We’re all taught that we need a plan — a business plan, a marketing plan, a project plan, a strategic plan. Plans are the backbone of rational business decision-making and solid execution.Without a plan, how can one ever hope to succeed?
However, in a high-churn, high-change environment like modern publishing, in which innovation is a daily activity, plans can lose their value in fairly short order. The e-book plan of three years ago is probably nearly irrelevant now. The video plan of two years ago is getting creaky. The content distribution approaches of five years ago don’t reflect major pertinent developments.
Plans can create a falsely bounded reality — that is, by reducing reality to a set of discrete actions and steps, new information, new ideas, and new competitors are muffled or excluded. The plan defines reality, instead of reality defining the plan. The longer the plan takes to execute, the greater the risk of this plancentric blindness. At their worst, plans can backfire, damaging their adherents by trapping them in approaches that sounded good at the time, but have since been overcome by events.
I’ve always been a proponent of the path approach to innovation and execution. The path approach differs from the plan approach in key ways:
- The path approach requires the champion to remain centrally involved, while the plan invites the champion to disengage once the plan is documented.
- The path invites new information and ideas, sometimes forcing the team to scramble, while the plan isolates the team from these things.
- The path keeps people’s minds alive and alert, while a plan puts them to sleep while it railroads them into execution.
- The path allows creative solutions to emerge naturally, while the plan forces all the creativity to occur at inception, a very unlikely situation.
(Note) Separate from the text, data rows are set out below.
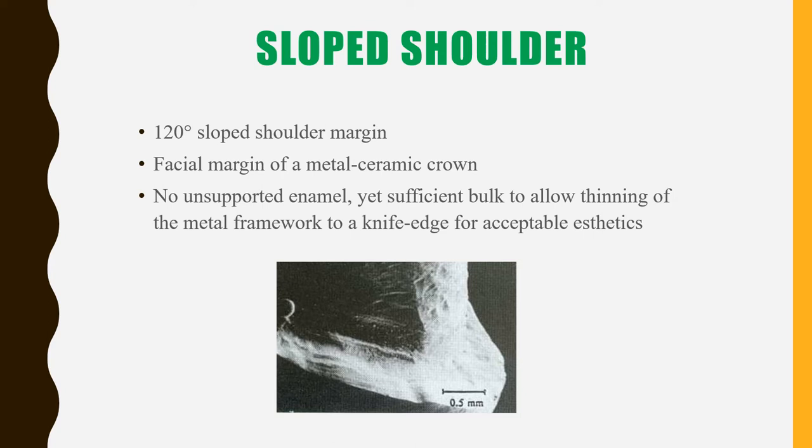The sloped shoulder has the margin at a 120-degree angle and is used mainly in metal ceramic crowns and anterior teeth. There is no unsupported enamel left when preparing it, which gives more acceptable aesthetics compared to a normal shoulder. As the name indicates, it helps reduce the bulk of material at the margin, allowing space for only a thin metal framework and a little ceramic on that.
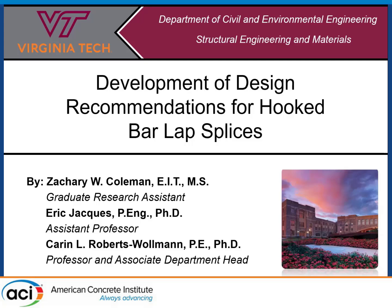How's it going, everybody? I'm trying to make it quick so everybody can get on with their day. This project is titled Development of Design Recommendations for Hooked Bar Lap Splices. This is my PhD research, or at least a small portion of it which I'm going to be going through today, trying to be somewhat practical with everybody's time. This was funded by the Virginia Department of Transportation.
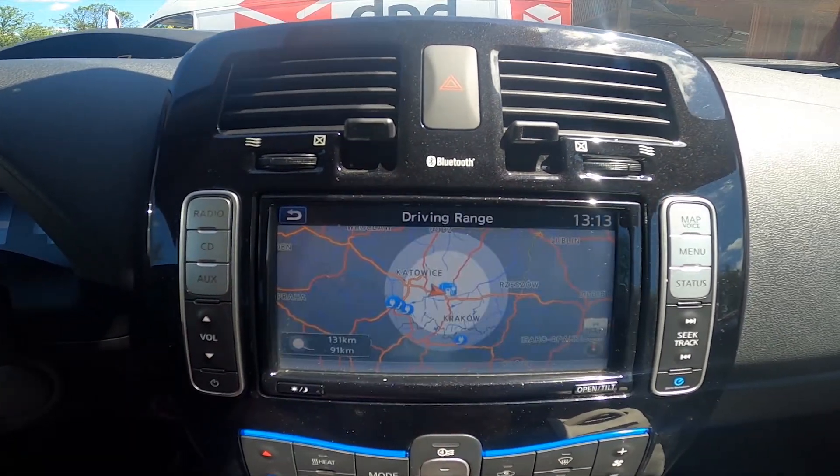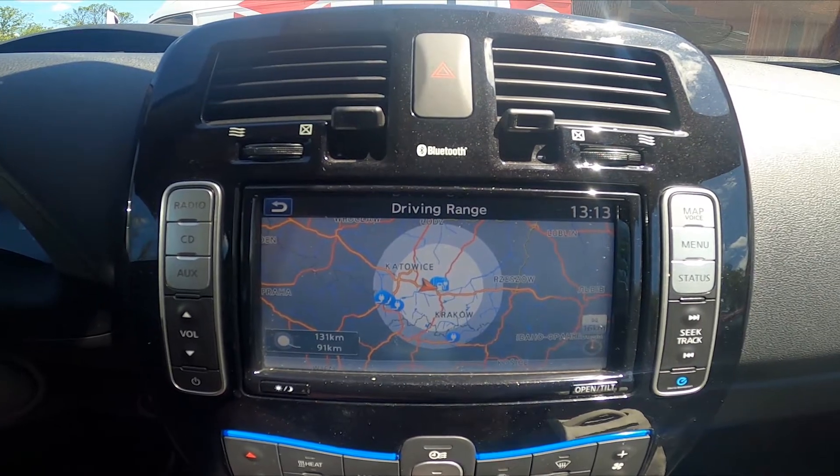Now go to driving range and as you can see on the map you've got driving range shown.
While some people intuitively understand the path approach, those who don’t can view it as a source of wasted effort and soft-headed thinking. There isn’t a lot of authority-based teaching confirming its value, and it’s not part of business school indoctrination. Despite these challenges, I think path work is precisely the opposite of wasteful and soft-headed — it makes people think more, you get better results, and while the effort may not be straightforward, it is usually more successful because it incorporates late-developing requirements and creative solutions.
This distinction hit me recently when I was asking a colleague about a project. It’s not a big project, it’s not a small project, and it has a number of uncertainties to it, including the timeline. Its success depends on a whole host of factors, many of which are not under our control.
At that moment, my colleague and I could have insisted that we make a plan. In so doing, we probably would have limited our flexibility, constrained our patience, and cut out creativity. Instead, we agreed that we will work on a path forward — we can see the destination, but the route there will be figured out as we move from tree to tree, boulder to boulder.
We will make a set of plans along the path, and may ultimately come up with a long-term plan. Plans, in my mind, are what you make along the path. The path is not the route through a plan.
Paths require more communication and collaboration, and that means checking in often and effectively. Again, these are admirable practices in my book. Plans often engender disengagement and drift, with less accountability before it’s too late to recover gracefully from mistakes or oversights.
Certainty and clarity are often illusions created by the comfort of plans. In today’s world, the only certainty is uncertainty, the only clarity is that we’ll have to stay on our toes.
At least, that seems to be the path we’re on right now.